TASK PROMPT:
Your task is to reproduce exactly the lines from the one containing "Чоловіча сумка месенджер" through the last line below, both ends included, and nothing else, with no pictures.

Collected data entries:
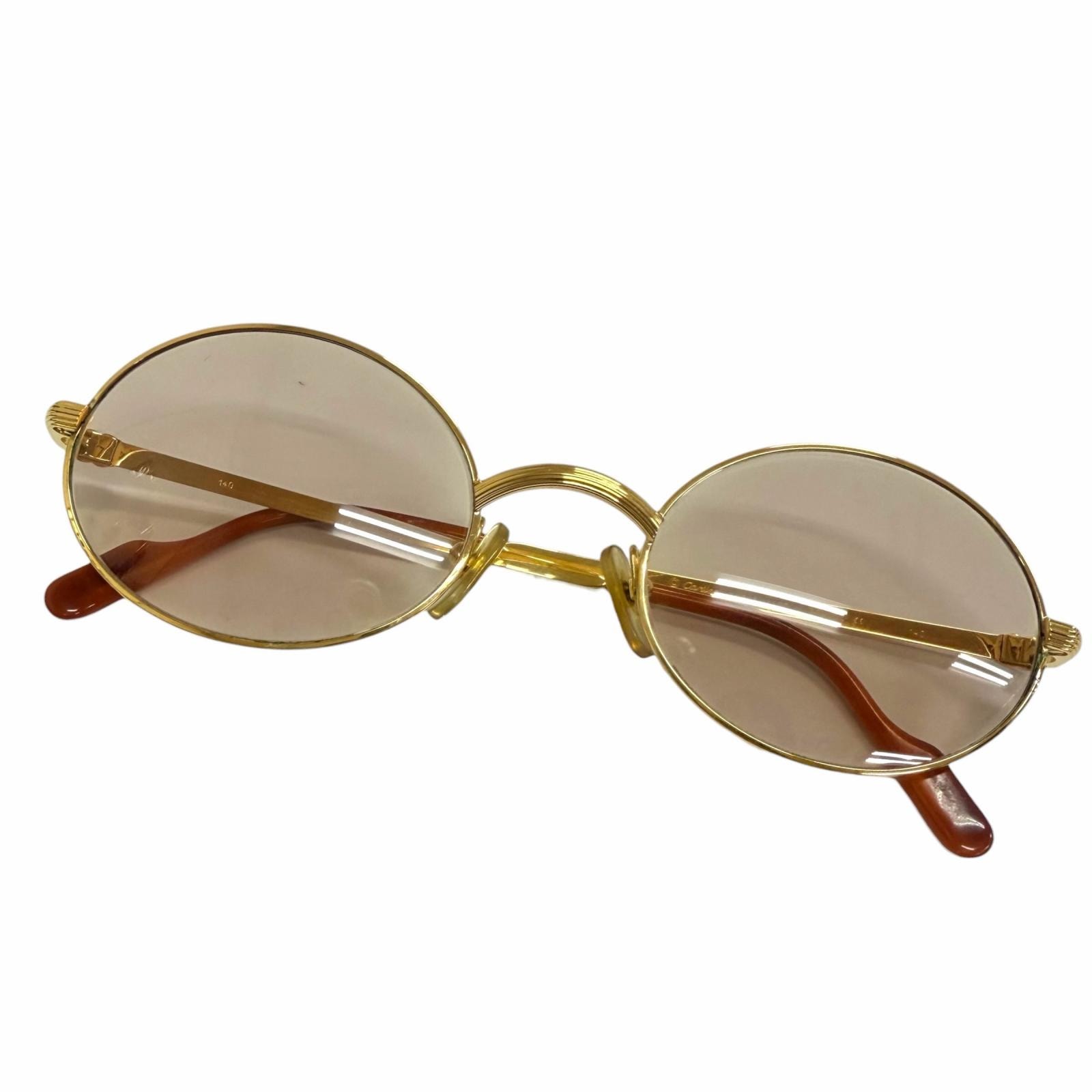 良品 カルティエ サングラス ゴールド メンズ 53□22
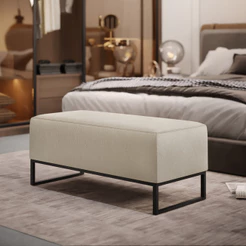 Puff Decorativo Para Sala de Estar Cléo W01 Base de Ferro 90 cm Linho Bege - Lyam Decor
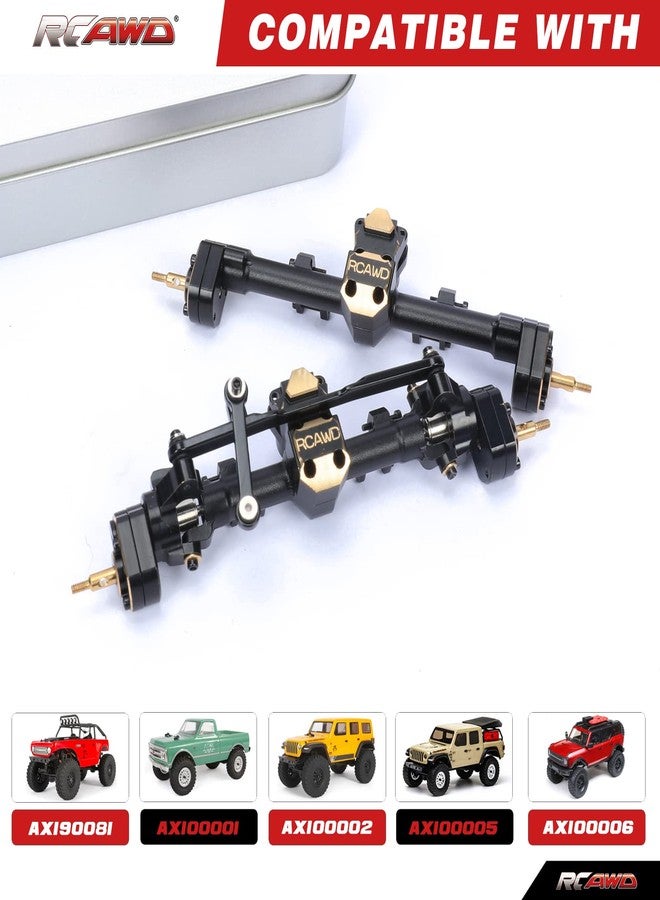 RCAWD SCX24 Upgrades Front Portal Rear Axle Housing & Brass Third Member Housing& Brass Steer Hub Carrier & Portal Gear Housing & Worm Gears & Brass Gears & Brass Hex Parts for Axial 1/24 - Image 3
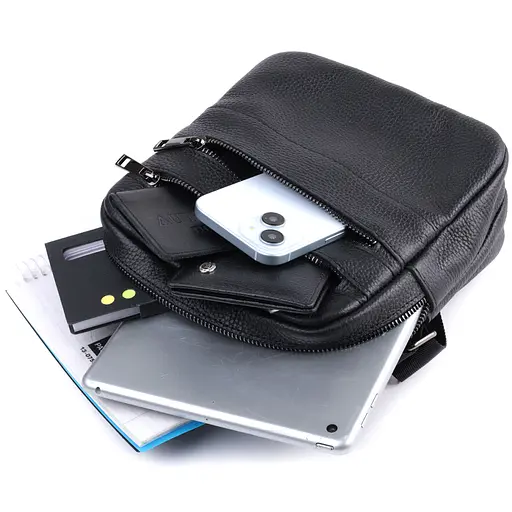 Чоловіча сумка месенджер із зернистої натуральної шкіри SHVIGEL 19х21х7 см sum0027000 - фото 8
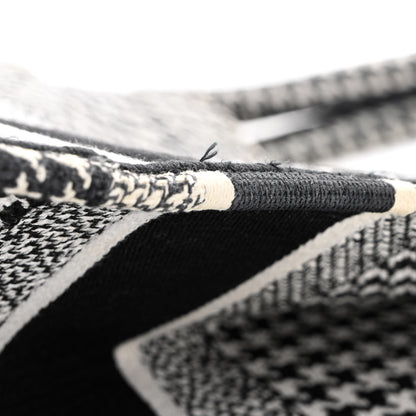 Christian Dior Canvas Houndstooth Embroidered Book Tote Black White 13 of 13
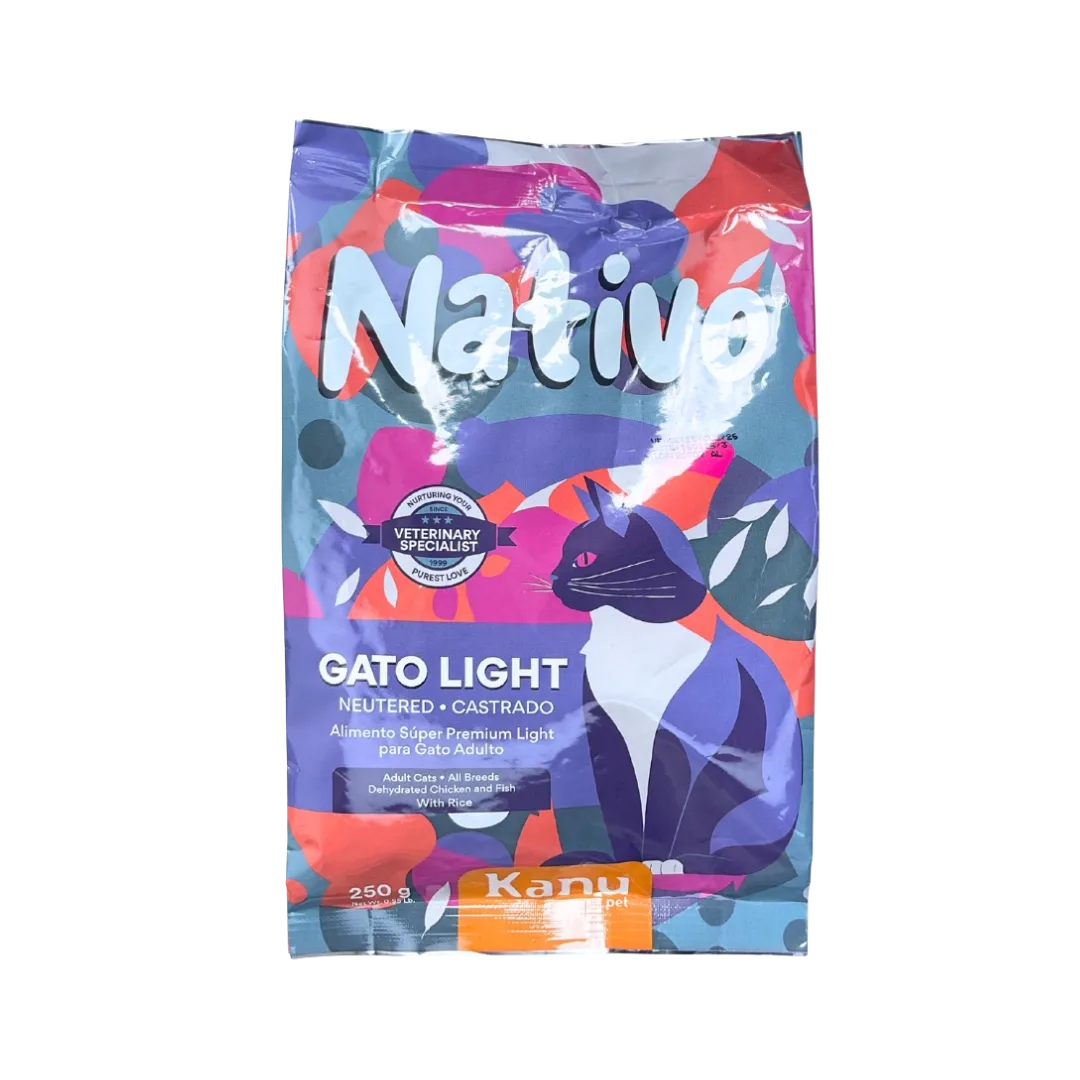 Alimento Seco Nativo Light Pollo/Pescado Kanu Pet para Gato Castrado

ANSWER TO THIS EXERCISE:
 Чоловіча сумка месенджер із зернистої натуральної шкіри SHVIGEL 19х21х7 см sum0027000 - фото 8
 Christian Dior Canvas Houndstooth Embroidered Book Tote Black White 13 of 13
 Alimento Seco Nativo Light Pollo/Pescado Kanu Pet para Gato Castrado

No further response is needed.